* **Exercise prompt**
For this listing, reproduce the line with "person walking over flowing river", the line with "Florian&oacute;polis, Beira Mar", and the lines between, exactly as they stand. Leave out pictures and all other lines.
[Provided information Boundary: Start]
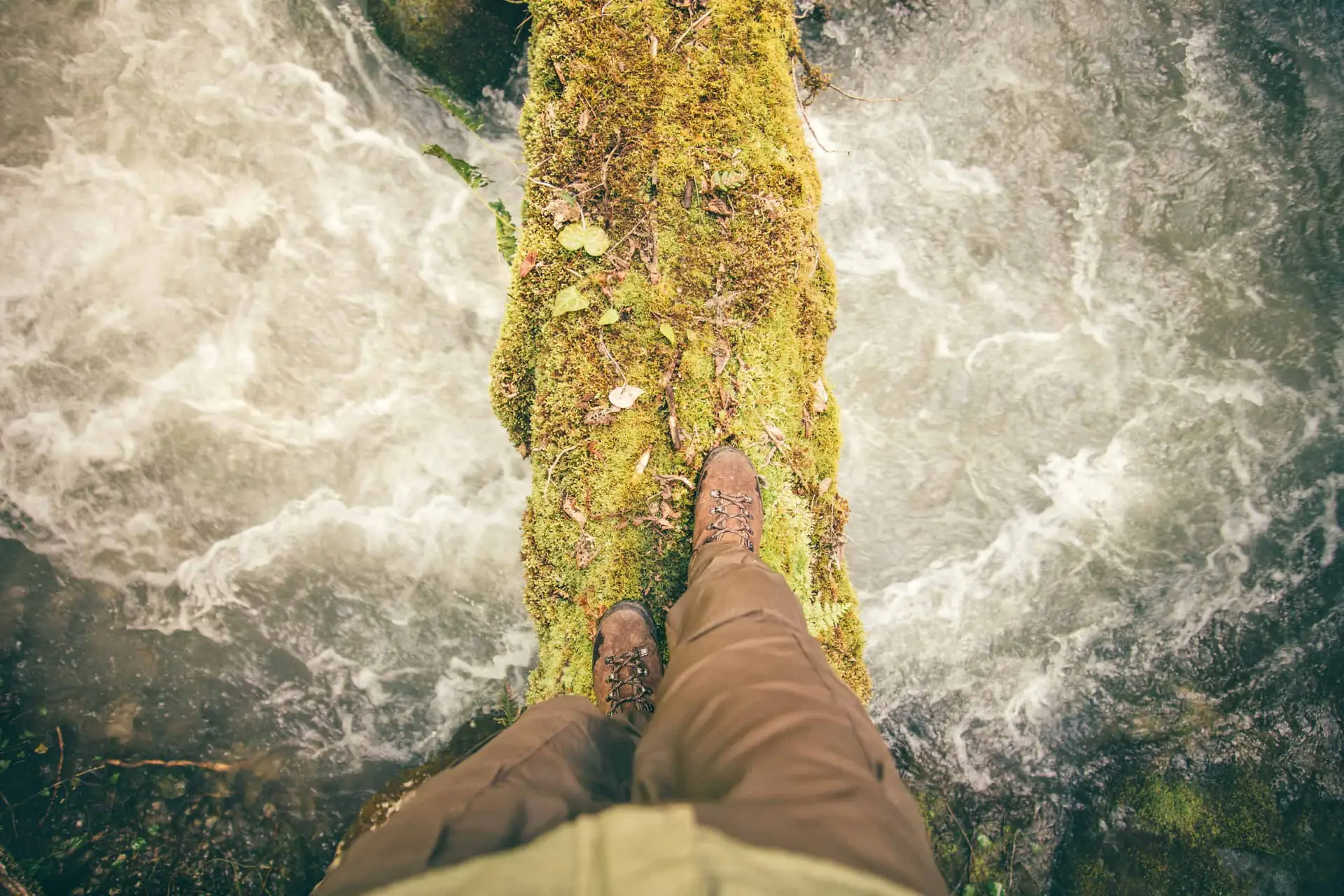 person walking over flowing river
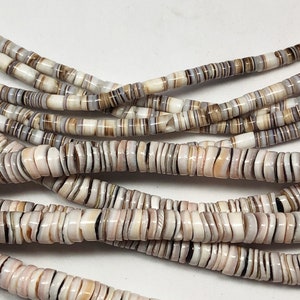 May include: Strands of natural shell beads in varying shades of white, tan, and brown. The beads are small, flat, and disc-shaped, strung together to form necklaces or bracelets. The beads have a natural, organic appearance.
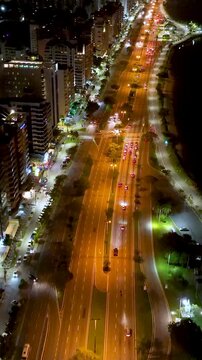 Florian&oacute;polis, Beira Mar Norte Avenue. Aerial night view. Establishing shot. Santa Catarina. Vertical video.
[Provided information Boundary: End]
[Provided information Boundary: Start]
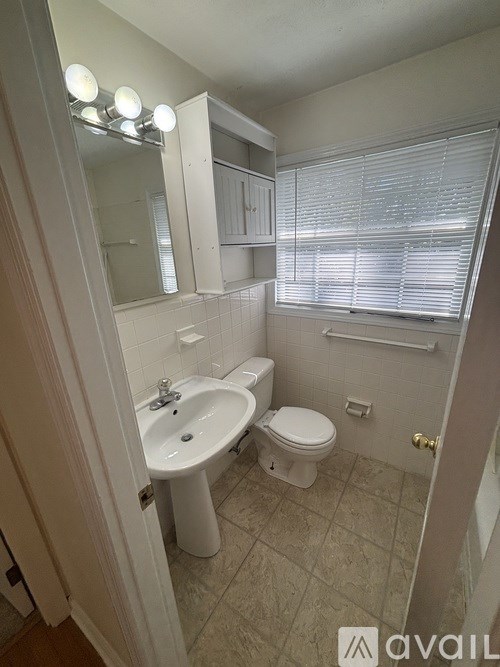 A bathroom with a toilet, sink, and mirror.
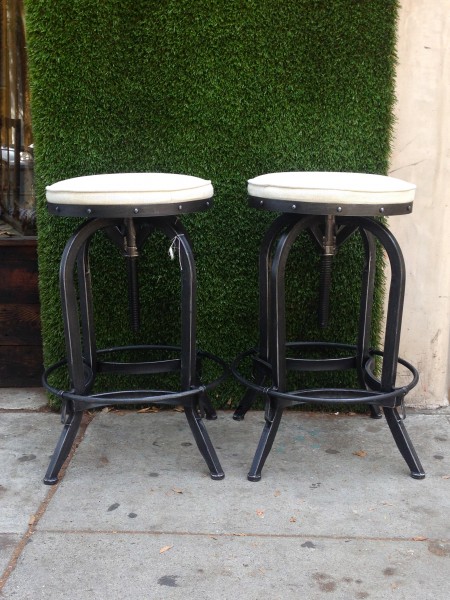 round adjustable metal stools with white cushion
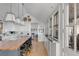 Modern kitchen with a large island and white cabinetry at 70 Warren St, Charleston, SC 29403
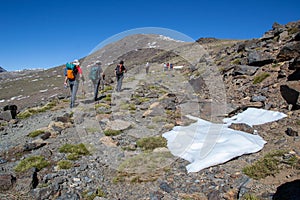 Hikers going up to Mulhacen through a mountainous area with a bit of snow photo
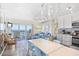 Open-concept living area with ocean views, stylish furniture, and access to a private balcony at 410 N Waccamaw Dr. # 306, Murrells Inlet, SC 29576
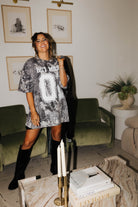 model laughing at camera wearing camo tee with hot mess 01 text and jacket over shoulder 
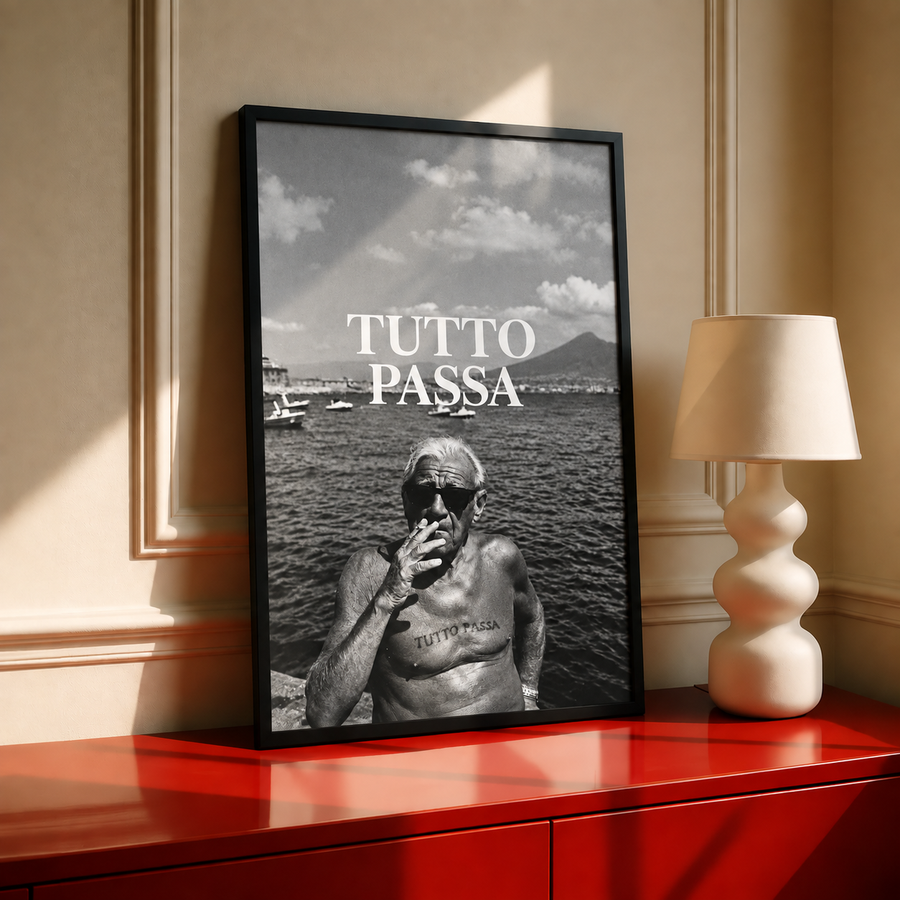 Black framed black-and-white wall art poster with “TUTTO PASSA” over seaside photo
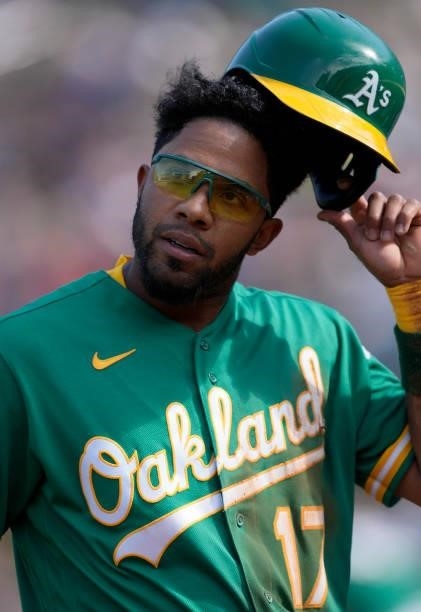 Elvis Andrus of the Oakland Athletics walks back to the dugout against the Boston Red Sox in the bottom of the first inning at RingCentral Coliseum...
[Provided information Boundary: End]
* **Response area**
 person walking over flowing river
 May include: Strands of natural shell beads in varying shades of white, tan, and brown. The beads are small, flat, and disc-shaped, strung together to form necklaces or bracelets. The beads have a natural, organic appearance.
 Florian&oacute;polis, Beira Mar Norte Avenue. Aerial night view. Establishing shot. Santa Catarina. Vertical video.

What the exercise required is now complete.